NECC English professor Tom Greene has taken the spring semester of 2016 off for sabbatical. During this time, he is working on producing a manuscript for a novel and seeking to publish it.
A sabbatical may be granted to a professor every seven years, where he or she can ask for time off to do their own research or their own work and get paid for the time off.
Greene wrote a proposal for what he wanted to do. Since the school approved his project, they gave him some paid time off from teaching.
“It varies from one college to another. You don’t teach, but you do the other work that you agreed to do. Then at the end of the semester, you show them the work that you have done,” Greene said.
English professors who take time off usually write a book, and if they teach fiction writing, they may take the time off to write a novel.
Greene has been teaching at NECC since 2008. The sabbatical was a good way to get the extra time to work on his novel. It is a science fiction novel with a subgenre of space opera.
He described space opera as “large scale mythic stories that happen in space.” The original term, soap opera, was changed for shows like Star Trek which are essentially soap operas that happen in space.
Star Wars is another example of “big events and large political movements and spaceships,” he said.
Right now he has a manuscript of about 76,000 words. The outlining took about a month and the first draft took about five weeks. Rewriting took another four weeks.
Since then, he has been rewriting for about four or five months.
“The original writing is only about 1 percent of the work and then most of it is revision after that,” he said.
“It’s different every day. Some days it goes well and some days it goes really poorly, but it’s just about persistence.”
This semester, in order to completely devote himself to his book, he has not been on campus at all.

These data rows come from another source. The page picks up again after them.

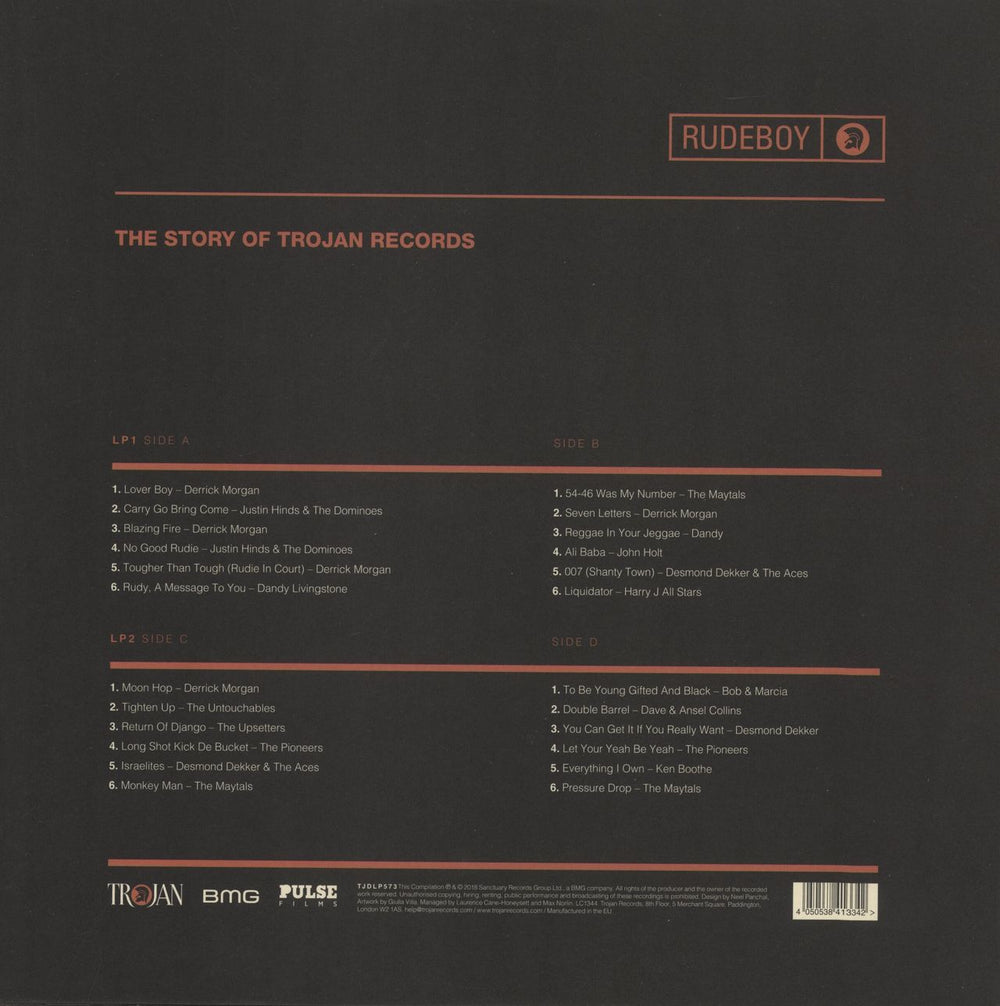 Trojan Records Rudeboy (The Story Of Trojan Records) - 180gm UK 2-LP vinyl record set (Double LP Album) 4050538413342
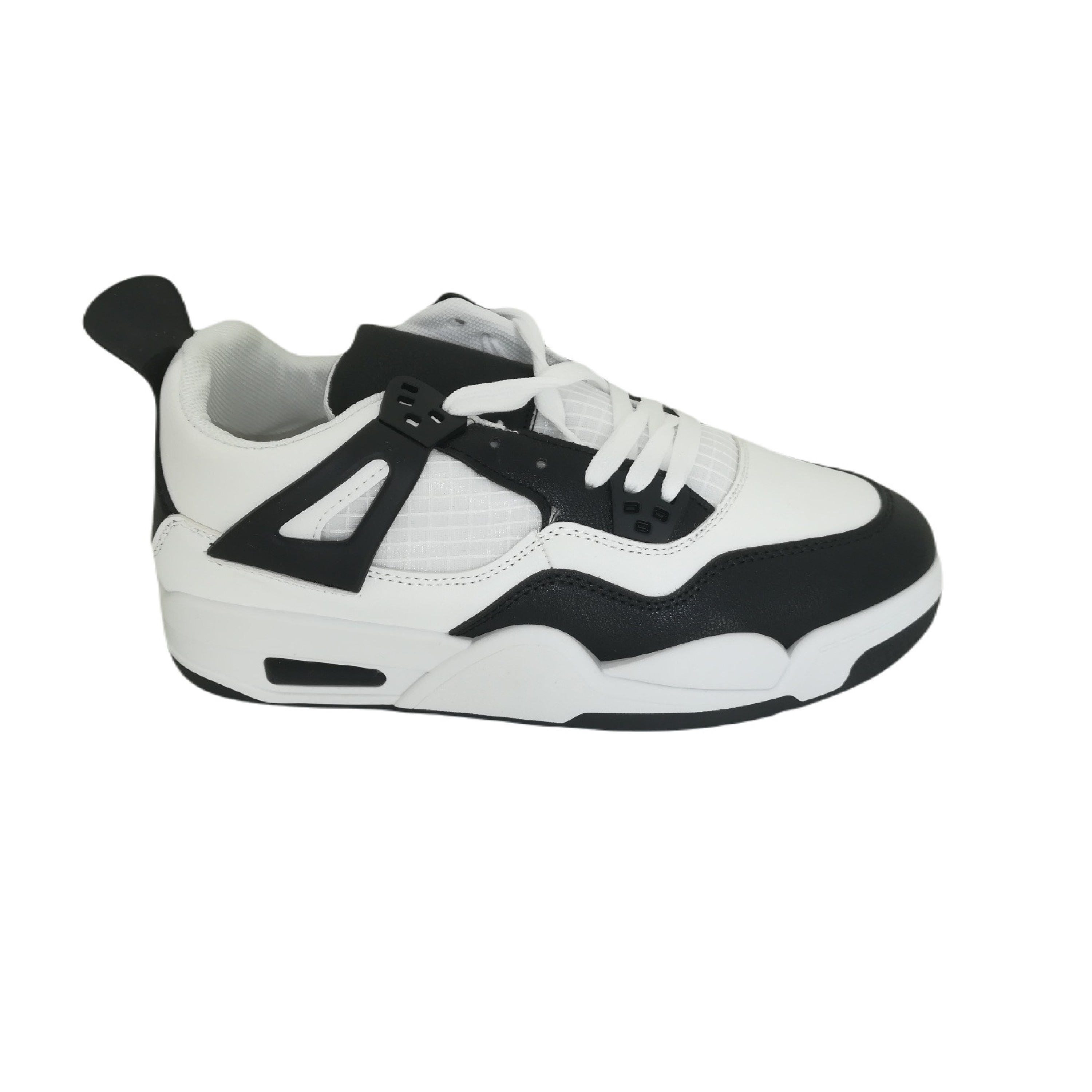 Olympic Stores LY472 Γυναικεία Sneakers Λευκά Μαύρα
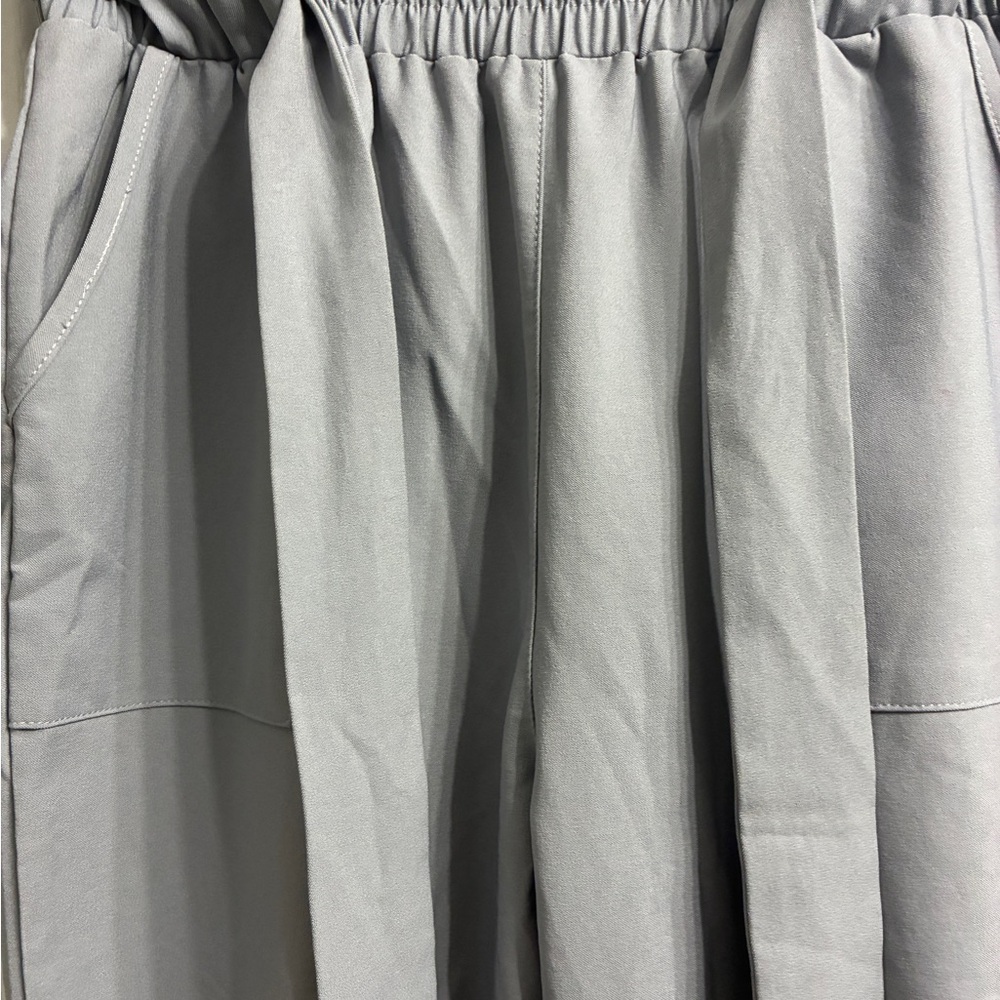 Stylish Gray Pleated Pants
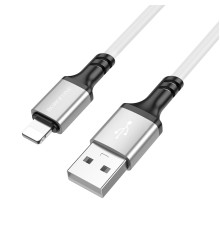 Кабель BOROFONE BX83 iP Famous silicone charging data cable White (6974443386363)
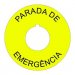 22mm Spanish Emergency Stop Legend Plate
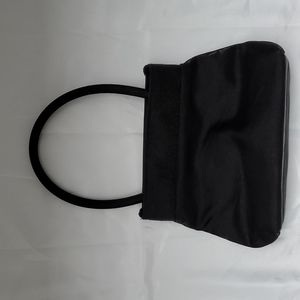 Satin Black Evening Bag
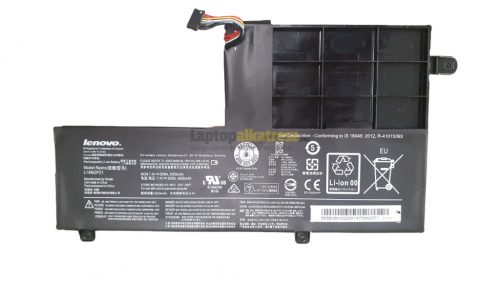 LENOVO YOGA 500-14ISK, 310S-14AST, 510S-14IKB FLEX 3-1470, FLEX 3-1570, EDGE 2-1580, 320S-14IKB, 320S-15ABR GYÁRI HASZNÁLT AKKUMULÁTOR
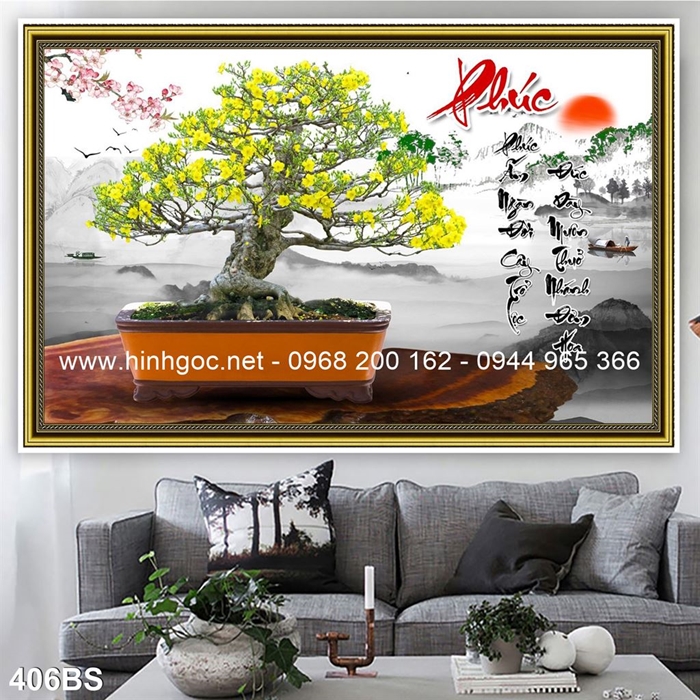 Tranh 3D cây bonsai- 406BS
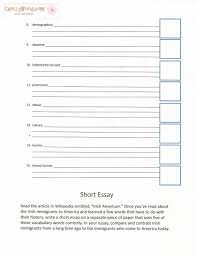 St Patrick S Day Nonfiction Reading Handout With Vocabulary Worksheet 2 Comes From My Englishemporium Wordpress Com School Worksheets Middle School Worksheets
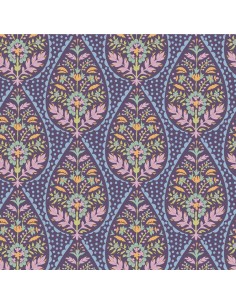 Tilda Sanctuary, Adina Eggplant Tilda Fabrics - 1 2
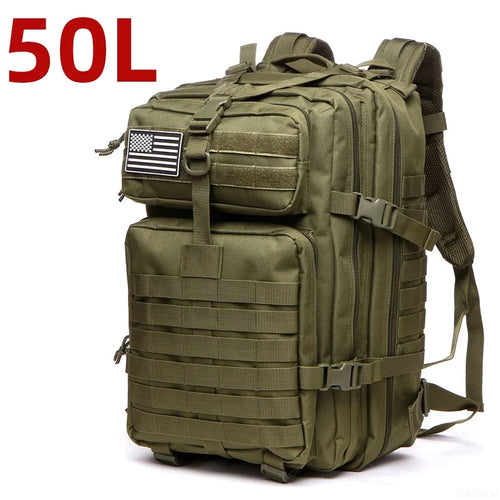 25L/50L Sturdy Nylon Waterproof Tactical Sports Trekking Fishing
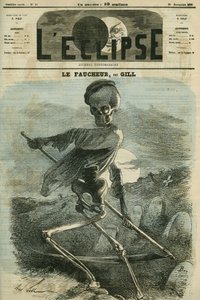 حاصد الأرواح ، تمثيل الموت. غلاف في "L'Eclipse" بقلم جيل ، 29 نوفمبر بواسطة أندرو جيل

He has never attempted to write a novel before, which is why this was important for him.
He has published some short stories in science fiction, and in the past he has taught the Fiction Writing class at NECC.
A few of his students would ask him what he knew about writing a novel, and he would have to answer
“Well, I haven’t done one myself,” and then would share information about what other authors have said from their experience.
“In order to be a better Fiction Writing teacher, especially for those students who want to write novels, I thought it was important to have some firsthand experience,” he said.
He has been reading science fiction since he was a kid and trying to write science fiction since he was 16.
He has an MFA in Fiction Writing from UMass Amherst. He wrote continuously for about 27 years before he ever got published.
His first published work in a professional publication was in a fiction magazine called Strange Horizons with a story titled “Zero Bar,” like the candy bar.
In professional publications, he’s gotten four published and is getting another one published next year.
“I constantly yell at people when they don’t take a sabbatical every sevem years,” he said, laughing.
“I mean, why wouldn’t you take one? The most you can ever take is one every seven years and if you don’t apply, you don’t get it back. Plus, it really is a good way to recharge for another seven years of teaching.”